• _EXERCISE_
Pictures stay out of the copy. Retype exactly the lines below from the one with "CD Justin Bieber" through the one with "Photo 2 from".

• _DATASET RECORDS_
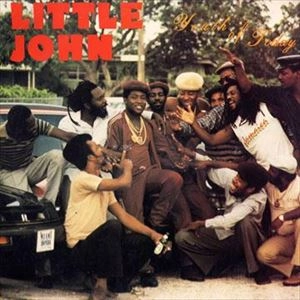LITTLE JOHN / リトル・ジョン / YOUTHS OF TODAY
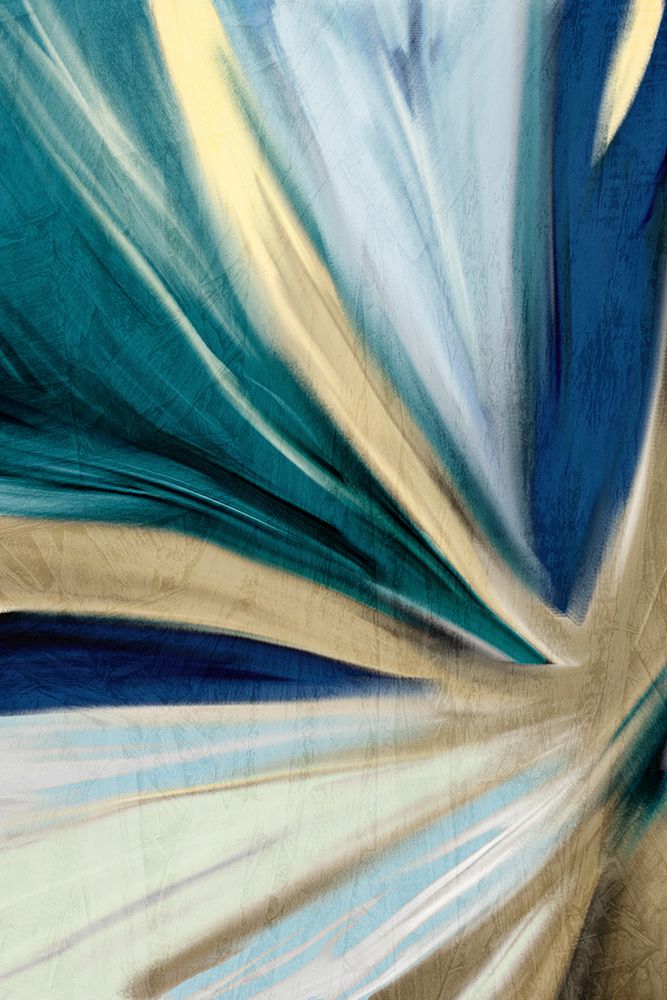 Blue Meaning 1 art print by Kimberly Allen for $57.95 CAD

---

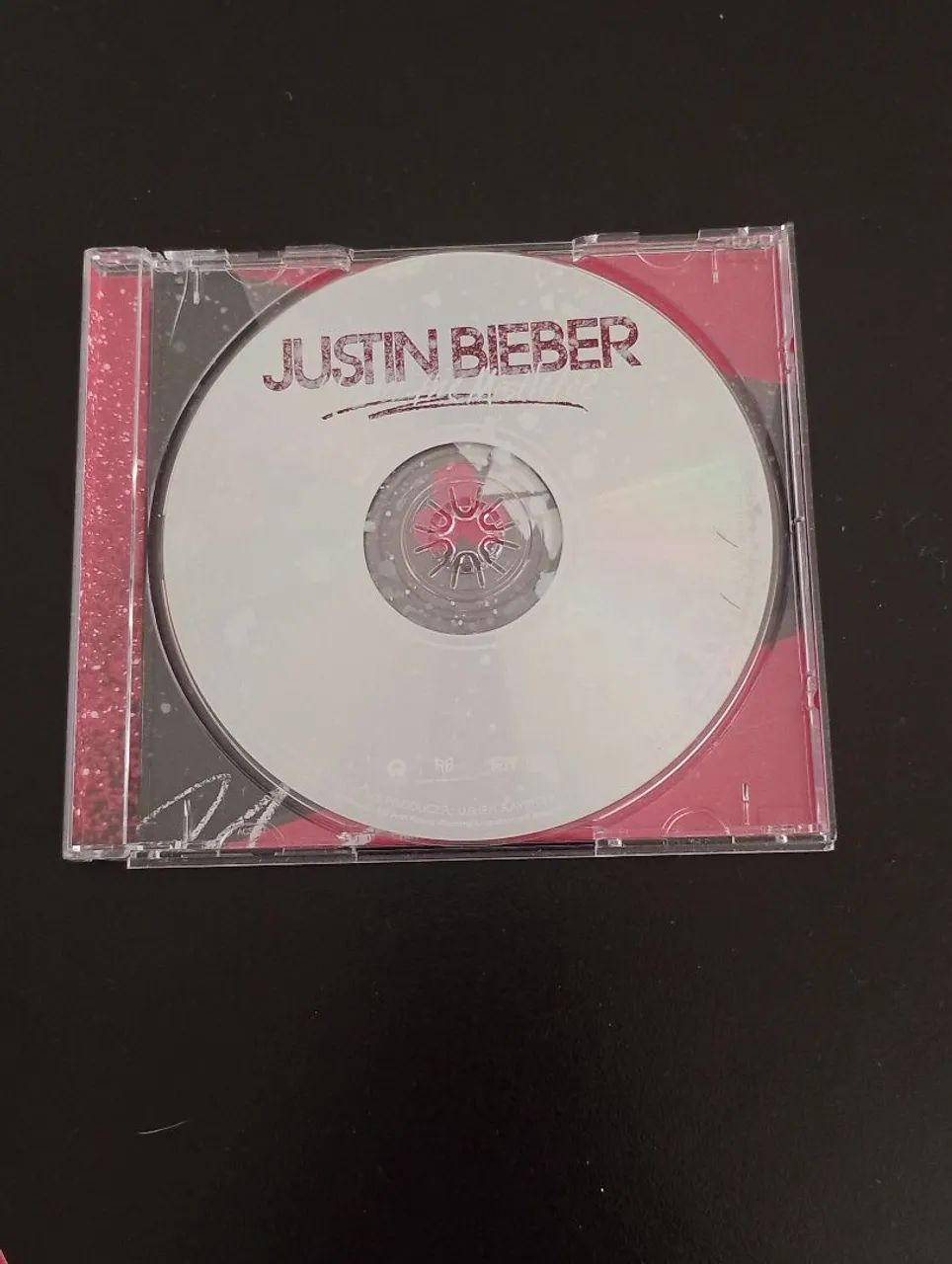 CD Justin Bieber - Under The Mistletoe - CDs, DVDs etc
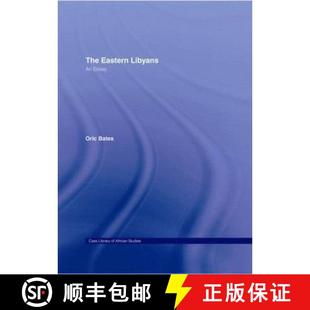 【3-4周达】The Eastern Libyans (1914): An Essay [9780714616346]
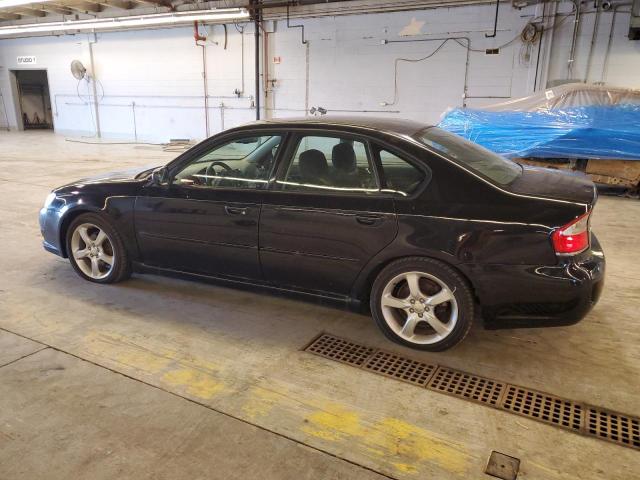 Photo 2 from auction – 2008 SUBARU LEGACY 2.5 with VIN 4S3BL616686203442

• _EXERCISE ANSWER_
 CD Justin Bieber - Under The Mistletoe - CDs, DVDs etc
 【3-4周达】The Eastern Libyans (1914): An Essay [9780714616346]
 Photo 2 from auction – 2008 SUBARU LEGACY 2.5 with VIN 4S3BL616686203442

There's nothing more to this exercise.